- **Exercise description**
Write out exactly, with both ends included, the lines that run from the line containing "colgate extra clean" to the end of the entries. Pictures are not part of the answer.

- **Supplied material**
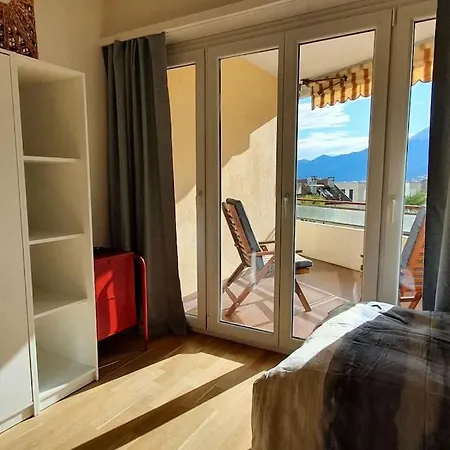 Apartment Via San Carlo In Muralto-Locarno Extérieur photo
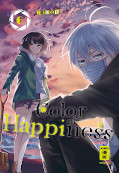 Frontcover Color of Happiness 6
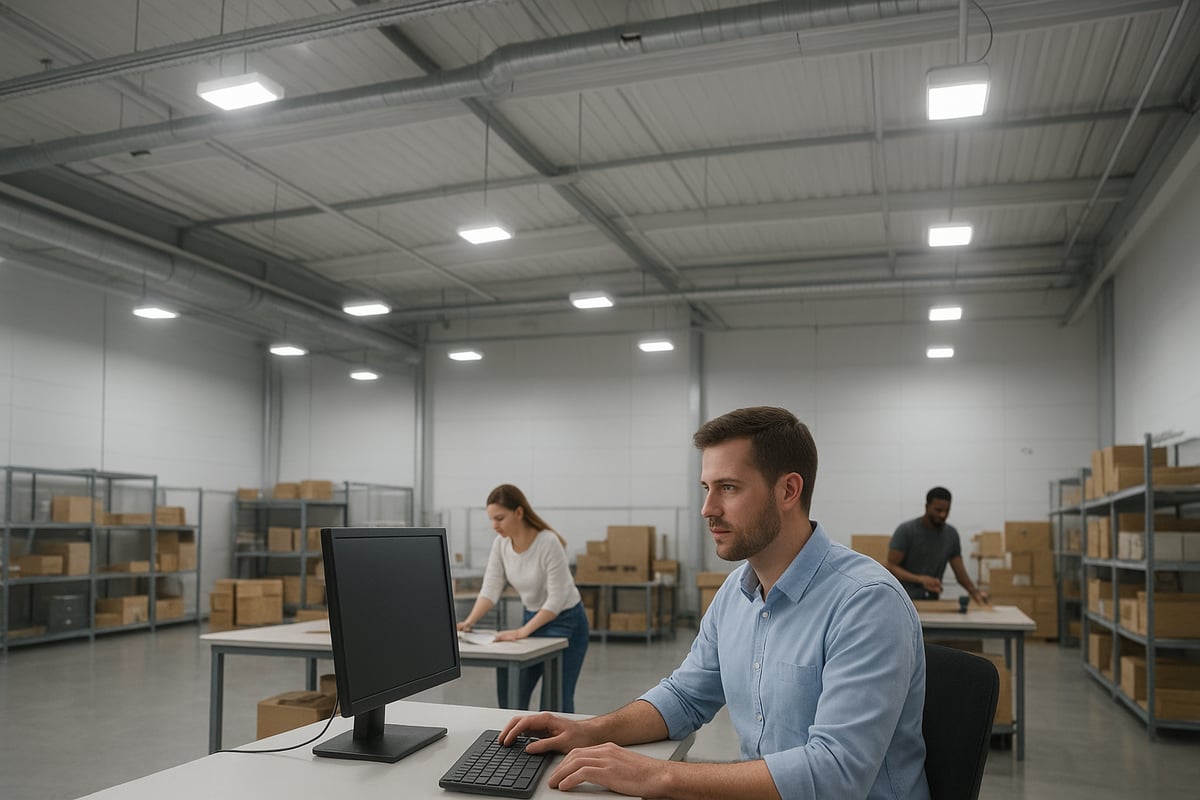 De voordelen van slimme lichtmanagementsystemen en sensoren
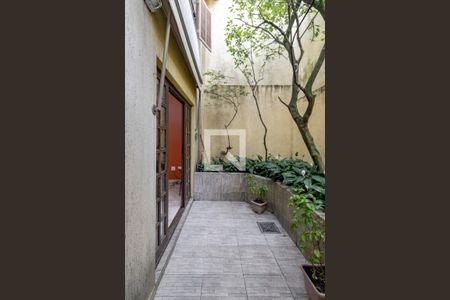Quintal da Sala de casa à venda com 3 quartos, 142m² em Vila Mariana, São Paulo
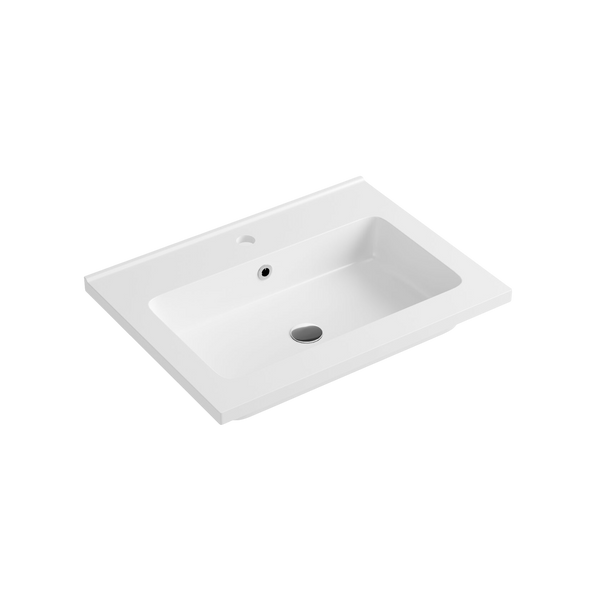 Тумба MARSAN CHESTER 700 Варіант 2 + Раковина MODESTE 700 CHESTER-TS-700-V2-7 фото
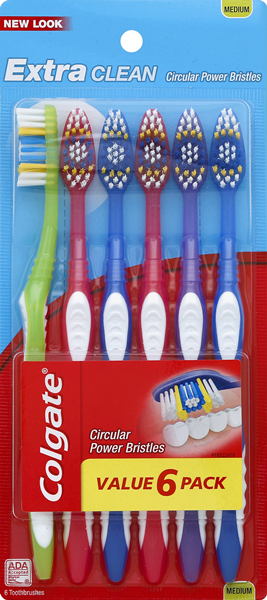 colgate extra clean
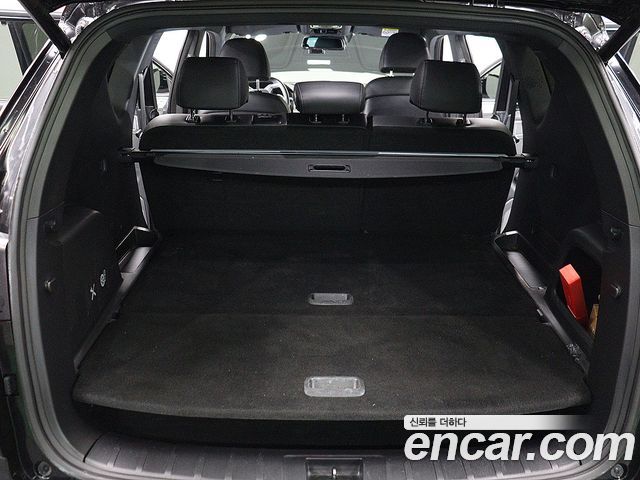 KG Mobility (SsangYong) Rexton Diesel 2.2 4WD The Black 2022 — фото 5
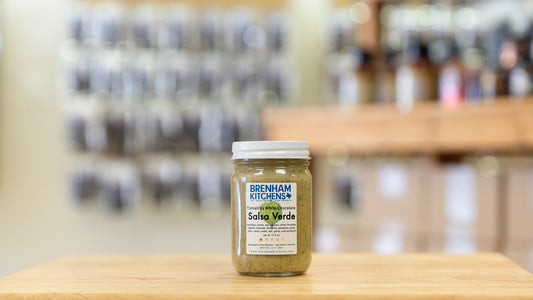 Brenham Kitchens - Salsa Verde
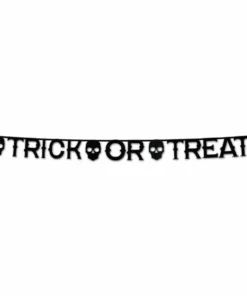 Forum Novelties Trick Or Treat Halloween Letter Banner Props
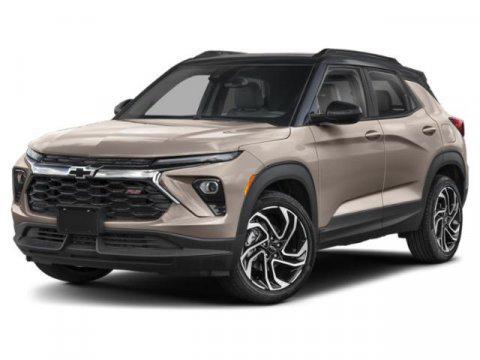 new 2026 Chevrolet TrailBlazer car, priced at $32,525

- **Completed exercise**
 colgate extra clean
 KG Mobility (SsangYong) Rexton Diesel 2.2 4WD The Black 2022 — фото 5
 Brenham Kitchens - Salsa Verde
 Forum Novelties Trick Or Treat Halloween Letter Banner Props
 new 2026 Chevrolet TrailBlazer car, priced at $32,525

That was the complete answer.